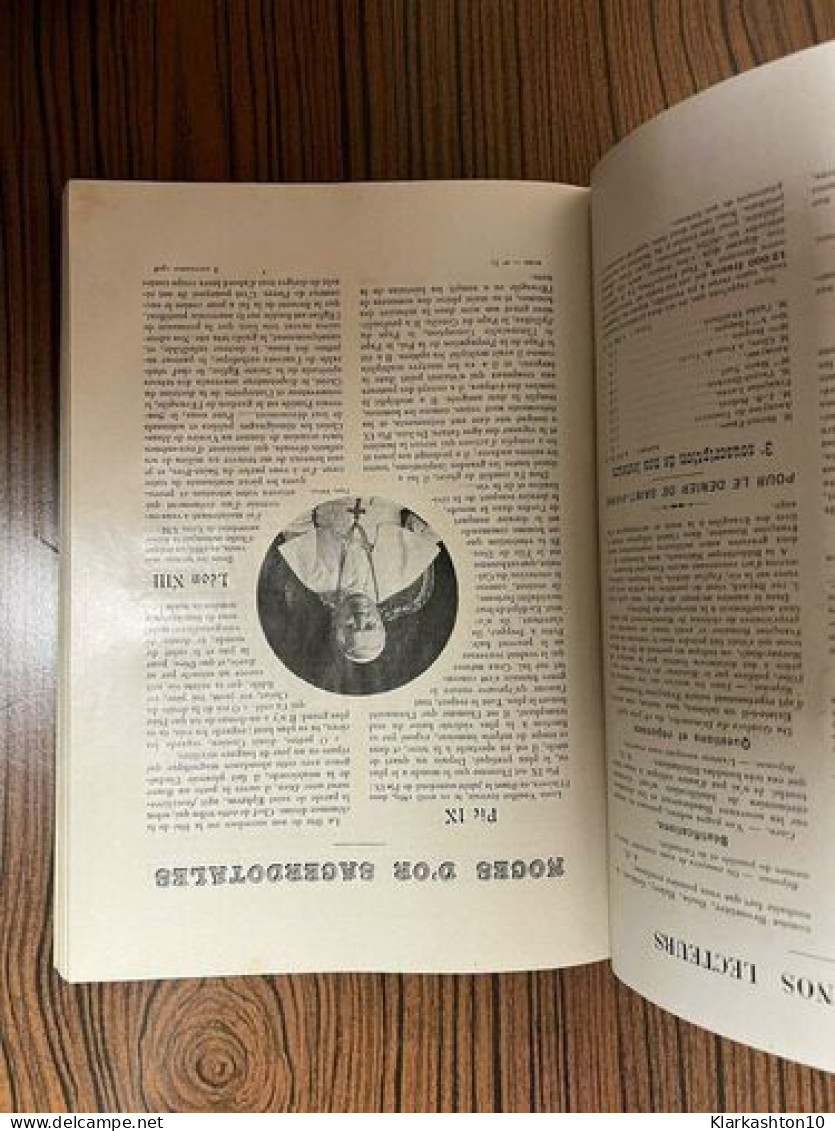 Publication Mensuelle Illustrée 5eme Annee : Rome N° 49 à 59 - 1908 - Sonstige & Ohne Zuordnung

* * *

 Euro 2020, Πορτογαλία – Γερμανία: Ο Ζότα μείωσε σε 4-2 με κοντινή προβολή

* * *

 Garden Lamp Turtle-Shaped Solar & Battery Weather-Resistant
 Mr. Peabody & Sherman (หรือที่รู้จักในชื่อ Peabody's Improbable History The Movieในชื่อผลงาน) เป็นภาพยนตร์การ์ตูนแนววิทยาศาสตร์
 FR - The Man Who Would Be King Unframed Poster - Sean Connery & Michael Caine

> [DESCRIPTION OF THE TASK] Could you return exactly the lines above from the line with "Garden Lamp Turtle-Shaped" to the line with "FR - The Man", both included, and nothing else?

> [EXERCISE OUTPUT]
 Garden Lamp Turtle-Shaped Solar & Battery Weather-Resistant
 Mr. Peabody & Sherman (หรือที่รู้จักในชื่อ Peabody's Improbable History The Movieในชื่อผลงาน) เป็นภาพยนตร์การ์ตูนแนววิทยาศาสตร์
 FR - The Man Who Would Be King Unframed Poster - Sean Connery & Michael Caine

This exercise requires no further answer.